Calculus III

Year
2

Academic year
2019-2020

Code
01001906

Subject Area
Basic Sciences

Language of Instruction
Portuguese

Mode of Delivery
Face-to-face

Duration
SEMESTRIAL

ECTS Credits
6.0

Type
Compulsory

Level
1st Cycle Studies

Recommended Prerequisites

Calculus I, Calculus II, Linear Algebra and Analytic Geometry.

Teaching Methods

Theoretical classes are expository, in practical classes the students solve exercises under the instructor’s guidance. The students are encouraged to solve problems autonomously. A strong interaction between concepts and their practical application will prevail, giving a central role to visualization and analysis of particular situations before making a progressive approach to more abstract notions. The transformation of concepts into working tools will be achieved by encouraging personal work.
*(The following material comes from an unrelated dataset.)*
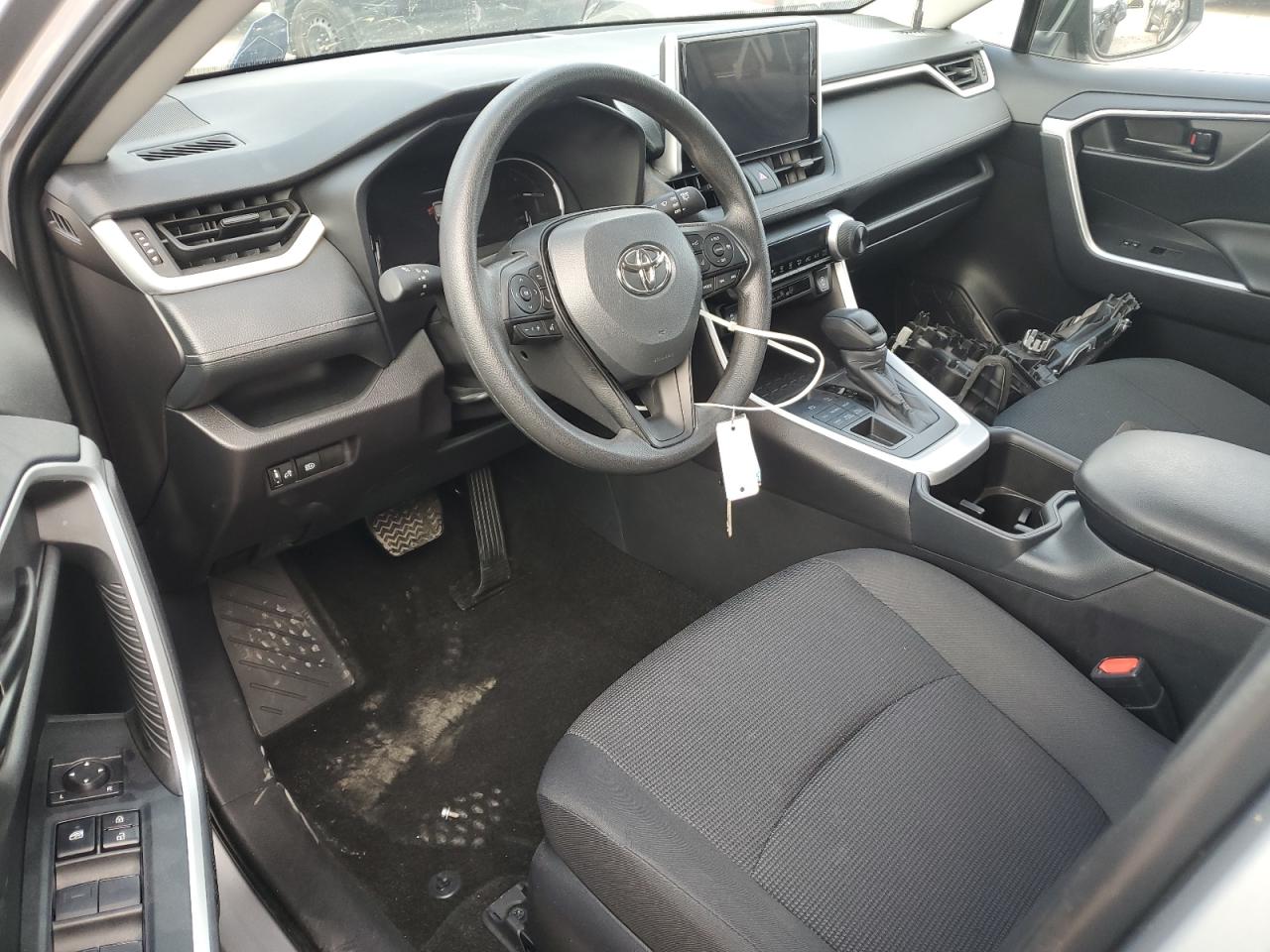 2025 TOYOTA RAV4 LE photo 8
The formal lectures will be complemented by periods of individual attendance.

Learning Outcomes

Provide knowledge about ordinary differential equations, systems of linear differential equations, and partial differential equations, as well as the fundamental concepts and ways to compute Laplace transforms. Throughout the course, students must develop computational skills and acquire competence in applying theoretical knowledge to solve problems. Students must also acquire an understanding of the concepts that will enable them to evaluate the scope and limitations of the studied materials, as well as their applications in engineering and other sciences.

Work Placement(s)

Syllabus

First order differential equations (separable variables and linear) and applications

Linear differential equations of order higher than one

- Solving homogeneous linear equations

- Method of the annihilator polynomial

- Reduction of order

- Method of variation of parameters

Systems of linear differential equations with constant coefficients

Laplace transforms and applications in solving differential equations

Partial differential equations

- Heat equation

- Wave equation

- Laplace equation.

Head Lecturer(s)

Paulo dos Santos Antunes

Assessment Methods

Continuous assessment
Mini Tests: 20.0%
Frequency: 80.0%

Final assessment
Exam: 100.0%

Bibliography

Zill, D.G.. A first course in differential equations with applications. Brooks/Cole, 2005.

Marcus, D.. Differential equations. McGraw-Hill College, 1991.

Figueiredo, D.; Neves, A.. Equações Diferenciais Aplicadas. Coleção Matemática Universitária, IMPA, R. Janeiro, 2010.